*Contributing authors: Jenny Chang, Bilal Mahmood, Cindy Rogers *
Machine learning is a tool. A powerful tool, but built by humans, and therefore a product of the biases, data, and context we use it in.
This tool can result in significant ethical challenges and injustices such as criminal prediction systems that say
Black defendants pose a higher risk for recidivism or predictive ad systems that show high income jobs to men over women.
This problem extends to product analytics as well. Thousands of teams use data to make product decisions that affect billions of users across the globe. They forecast outcomes like who will purchase or what content they will view, and as a result they have the power to personalize pricing and content to every single user. By not paying attention to this now, companies could release personalized experiences unintentionally biased against protected groups — like pricing discounts skewed to one race or application recommendations skewed by gender.
We have an ethical duty to ensure these personalized experiences have minimal inherent bias.
So today at Amplitude, we are pledging to invest in improving the fairness of the machine learning infrastructure that powers Amplitude’s product intelligence platform.

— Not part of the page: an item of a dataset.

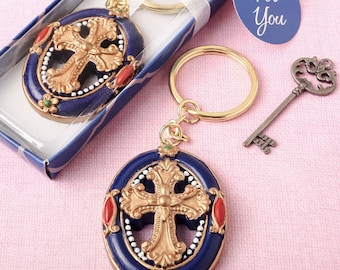 Religious Gold Cross Design Key Chain Favors Baptism Christening (Pack of 10) Catholic Gifts Christmas Communion Favor Holiday Gift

We are cognizant there is no silver bullet here. This will be an ongoing and difficult effort. But we wanted to make our pledge public so that our customers know the predictive insights they derive in Amplitude will have a higher guarantee of fairness. In turn, we hope that both our customers and the ML community gain insight into how to approach this problem in the context of analytics.
What Is Fairness?
What is meant by a “fair” machine learning model?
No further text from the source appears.